NEW YORK—Two senior Edelman executives with ties to the firm’s China operations are on leave, sources say, as the company conducts its own probe into its relationship with CCTV and detained reporter Rui Chenggang (pictured), which led to the three-month disappearance of former Edelman China CEO Steven Cao last year.

Calls and emails to former Asia-Pacific president Alan VanderMolen—now vice-chairman, and based in Chicago—and Asia-Pacific CFO Philip Channon went unreturned last week, and the company refused to confirm or deny the story, and would not comment on what it would only describe as "personnel issues that are being handled internally."

Edelman
began an internal investigation in July of last year, after CCTV anchor Rui Chenggang (pictured), who was previously a shareholder in the US firm's Pegasus China subsidiary, was detained by Chinese authorities. China's People's Daily newspaper suggested that Pegasus provided services to CCTV while Rui was a shareholder in the agency.

Two weeks later,
we reported that the CEO of Edelman’s China holding company and co-founder of Pegasus, Steven Cao, was absent from work for more than a week as he cooperated with the official investigation by Chinese authorities. Cao ultimately resurfaced in October, and the firm confirmed that he had returned to his family, although it would not comment on whether he remained an Edelman employee.

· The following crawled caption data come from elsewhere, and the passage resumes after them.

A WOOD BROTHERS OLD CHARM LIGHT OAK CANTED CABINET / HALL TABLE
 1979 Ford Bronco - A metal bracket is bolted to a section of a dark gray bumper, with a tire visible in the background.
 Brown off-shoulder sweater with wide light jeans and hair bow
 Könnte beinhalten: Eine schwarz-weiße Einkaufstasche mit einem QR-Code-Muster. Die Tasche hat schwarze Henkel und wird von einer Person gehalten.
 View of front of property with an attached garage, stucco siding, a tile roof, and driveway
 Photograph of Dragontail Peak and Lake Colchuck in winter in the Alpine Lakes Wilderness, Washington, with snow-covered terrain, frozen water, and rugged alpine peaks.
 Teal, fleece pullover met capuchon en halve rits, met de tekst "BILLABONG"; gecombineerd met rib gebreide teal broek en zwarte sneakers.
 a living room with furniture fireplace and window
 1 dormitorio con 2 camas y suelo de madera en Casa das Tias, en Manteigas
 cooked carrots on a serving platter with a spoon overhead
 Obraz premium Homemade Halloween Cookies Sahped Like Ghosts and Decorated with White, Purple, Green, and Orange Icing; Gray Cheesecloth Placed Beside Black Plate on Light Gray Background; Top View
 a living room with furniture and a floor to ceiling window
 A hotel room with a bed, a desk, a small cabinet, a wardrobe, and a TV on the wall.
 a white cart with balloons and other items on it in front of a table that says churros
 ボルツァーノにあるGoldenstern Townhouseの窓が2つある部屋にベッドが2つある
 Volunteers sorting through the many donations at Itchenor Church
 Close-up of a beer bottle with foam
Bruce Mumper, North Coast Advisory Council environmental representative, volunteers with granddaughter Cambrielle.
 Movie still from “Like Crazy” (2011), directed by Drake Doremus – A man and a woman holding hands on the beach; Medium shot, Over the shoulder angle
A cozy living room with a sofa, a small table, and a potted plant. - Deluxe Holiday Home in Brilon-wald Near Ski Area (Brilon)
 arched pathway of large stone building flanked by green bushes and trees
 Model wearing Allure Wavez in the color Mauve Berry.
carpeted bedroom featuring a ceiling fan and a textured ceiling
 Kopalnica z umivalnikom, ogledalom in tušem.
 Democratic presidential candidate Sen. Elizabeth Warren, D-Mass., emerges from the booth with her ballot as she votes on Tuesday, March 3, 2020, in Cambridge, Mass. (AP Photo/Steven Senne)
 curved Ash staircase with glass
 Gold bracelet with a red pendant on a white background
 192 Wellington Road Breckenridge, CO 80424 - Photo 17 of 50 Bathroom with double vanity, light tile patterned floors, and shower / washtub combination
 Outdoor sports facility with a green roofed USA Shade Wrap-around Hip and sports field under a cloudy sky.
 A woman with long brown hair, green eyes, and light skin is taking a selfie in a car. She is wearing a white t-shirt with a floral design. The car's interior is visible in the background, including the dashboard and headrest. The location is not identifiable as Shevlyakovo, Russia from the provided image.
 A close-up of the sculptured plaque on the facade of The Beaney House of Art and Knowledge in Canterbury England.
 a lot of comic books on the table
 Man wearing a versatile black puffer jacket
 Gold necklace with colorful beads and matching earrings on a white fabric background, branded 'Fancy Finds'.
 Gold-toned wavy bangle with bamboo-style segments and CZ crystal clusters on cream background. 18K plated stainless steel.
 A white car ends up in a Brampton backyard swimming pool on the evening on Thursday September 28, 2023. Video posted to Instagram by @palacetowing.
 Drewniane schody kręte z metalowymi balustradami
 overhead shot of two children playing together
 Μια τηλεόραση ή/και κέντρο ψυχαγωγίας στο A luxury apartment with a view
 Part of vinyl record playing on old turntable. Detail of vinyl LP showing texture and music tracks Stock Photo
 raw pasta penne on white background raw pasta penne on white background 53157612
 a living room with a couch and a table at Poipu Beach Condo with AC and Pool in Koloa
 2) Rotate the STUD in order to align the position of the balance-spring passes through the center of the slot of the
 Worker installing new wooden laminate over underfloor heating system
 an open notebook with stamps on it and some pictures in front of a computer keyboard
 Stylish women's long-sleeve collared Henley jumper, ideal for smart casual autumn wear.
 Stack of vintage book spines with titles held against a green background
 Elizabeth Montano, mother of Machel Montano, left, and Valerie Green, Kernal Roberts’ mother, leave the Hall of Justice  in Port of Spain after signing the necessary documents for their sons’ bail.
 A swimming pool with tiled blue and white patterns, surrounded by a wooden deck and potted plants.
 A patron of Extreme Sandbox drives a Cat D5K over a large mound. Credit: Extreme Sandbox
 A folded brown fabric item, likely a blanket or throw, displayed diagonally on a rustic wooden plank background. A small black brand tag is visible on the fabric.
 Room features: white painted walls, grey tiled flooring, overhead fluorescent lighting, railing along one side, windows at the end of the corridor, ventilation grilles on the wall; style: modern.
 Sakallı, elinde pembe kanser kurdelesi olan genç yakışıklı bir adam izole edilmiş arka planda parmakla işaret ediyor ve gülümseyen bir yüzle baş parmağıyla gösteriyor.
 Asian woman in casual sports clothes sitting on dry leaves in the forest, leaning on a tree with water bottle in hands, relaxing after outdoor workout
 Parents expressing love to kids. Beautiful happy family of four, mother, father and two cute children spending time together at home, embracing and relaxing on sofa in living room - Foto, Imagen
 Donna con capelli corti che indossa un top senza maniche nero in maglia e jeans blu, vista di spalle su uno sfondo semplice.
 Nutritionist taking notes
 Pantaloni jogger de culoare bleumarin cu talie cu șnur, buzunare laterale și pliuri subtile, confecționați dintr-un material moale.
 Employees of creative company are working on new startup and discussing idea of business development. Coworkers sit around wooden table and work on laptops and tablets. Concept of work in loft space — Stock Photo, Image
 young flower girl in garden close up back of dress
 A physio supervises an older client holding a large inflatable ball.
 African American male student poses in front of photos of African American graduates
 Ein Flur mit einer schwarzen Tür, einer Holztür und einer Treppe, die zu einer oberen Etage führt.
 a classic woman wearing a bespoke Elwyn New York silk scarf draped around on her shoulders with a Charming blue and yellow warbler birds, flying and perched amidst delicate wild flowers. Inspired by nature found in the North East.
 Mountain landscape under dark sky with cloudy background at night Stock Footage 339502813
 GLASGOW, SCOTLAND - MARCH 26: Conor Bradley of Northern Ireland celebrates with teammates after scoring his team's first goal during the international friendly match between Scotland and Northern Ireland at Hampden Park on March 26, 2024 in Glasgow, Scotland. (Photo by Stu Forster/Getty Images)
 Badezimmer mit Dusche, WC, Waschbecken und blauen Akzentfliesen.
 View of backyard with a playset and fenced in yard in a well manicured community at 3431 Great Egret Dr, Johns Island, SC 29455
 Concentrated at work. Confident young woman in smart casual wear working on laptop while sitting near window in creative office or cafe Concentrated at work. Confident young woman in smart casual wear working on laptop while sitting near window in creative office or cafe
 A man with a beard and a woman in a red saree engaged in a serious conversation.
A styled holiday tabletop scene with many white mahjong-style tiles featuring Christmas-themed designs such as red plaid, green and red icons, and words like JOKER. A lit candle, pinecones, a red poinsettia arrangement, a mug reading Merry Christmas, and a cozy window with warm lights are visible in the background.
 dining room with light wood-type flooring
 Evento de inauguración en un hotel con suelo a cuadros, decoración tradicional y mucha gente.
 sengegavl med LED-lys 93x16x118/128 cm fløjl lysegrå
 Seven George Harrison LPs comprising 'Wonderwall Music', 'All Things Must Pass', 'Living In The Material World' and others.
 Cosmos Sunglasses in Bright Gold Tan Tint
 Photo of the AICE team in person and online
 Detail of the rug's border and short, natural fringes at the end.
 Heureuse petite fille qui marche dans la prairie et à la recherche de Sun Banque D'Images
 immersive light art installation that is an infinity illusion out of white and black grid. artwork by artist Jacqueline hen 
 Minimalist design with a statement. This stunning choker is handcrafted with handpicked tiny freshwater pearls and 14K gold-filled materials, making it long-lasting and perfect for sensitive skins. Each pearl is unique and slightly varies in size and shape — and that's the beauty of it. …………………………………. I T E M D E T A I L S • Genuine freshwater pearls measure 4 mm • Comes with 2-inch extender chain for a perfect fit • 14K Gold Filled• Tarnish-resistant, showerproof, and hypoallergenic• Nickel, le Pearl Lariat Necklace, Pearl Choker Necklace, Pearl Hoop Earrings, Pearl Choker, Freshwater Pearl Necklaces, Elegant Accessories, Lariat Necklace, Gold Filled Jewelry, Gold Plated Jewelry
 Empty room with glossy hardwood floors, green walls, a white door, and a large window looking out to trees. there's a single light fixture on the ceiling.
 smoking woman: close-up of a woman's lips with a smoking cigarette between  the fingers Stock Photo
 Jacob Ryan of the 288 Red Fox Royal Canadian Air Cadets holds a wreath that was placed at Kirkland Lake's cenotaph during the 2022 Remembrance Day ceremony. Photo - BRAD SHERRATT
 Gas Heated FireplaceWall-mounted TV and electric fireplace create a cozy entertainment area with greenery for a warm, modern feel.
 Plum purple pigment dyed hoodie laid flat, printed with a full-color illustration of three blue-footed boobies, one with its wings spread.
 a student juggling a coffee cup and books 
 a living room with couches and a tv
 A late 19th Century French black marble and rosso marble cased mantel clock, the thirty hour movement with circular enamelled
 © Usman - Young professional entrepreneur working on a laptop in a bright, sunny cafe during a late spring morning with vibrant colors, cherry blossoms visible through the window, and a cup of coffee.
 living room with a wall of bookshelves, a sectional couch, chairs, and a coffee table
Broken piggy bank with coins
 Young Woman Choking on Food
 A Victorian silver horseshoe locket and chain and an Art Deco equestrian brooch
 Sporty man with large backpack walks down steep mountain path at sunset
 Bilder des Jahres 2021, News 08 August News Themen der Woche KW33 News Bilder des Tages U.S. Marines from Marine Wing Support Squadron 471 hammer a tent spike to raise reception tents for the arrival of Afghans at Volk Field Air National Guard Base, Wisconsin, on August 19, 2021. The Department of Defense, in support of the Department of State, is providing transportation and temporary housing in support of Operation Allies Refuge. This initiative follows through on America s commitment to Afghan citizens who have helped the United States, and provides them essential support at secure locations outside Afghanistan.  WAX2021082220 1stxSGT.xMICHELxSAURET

While very little about the case is clear, it appears that Rui was embroiled in the anti-corruption case built against his former boss, CCTV’s financial news channel director Guo Zhenxi, who was arrested in June. After it emerged that Rui held a shareholding in Pegasus until 2010, there were questions about a possible conflict of interest, and Edelman has been cooperating with the investigation.

VanderMolen spent nine years in charge of Edelman Asia-Pacific after joining the agency in 2002, before relocating from Hong Kong to Chicago in 2011. Channon has been Edelman's Asia-Pacific CFO since 1998. Chinese PR firm Pegasus was acquired by Edelman in 2007.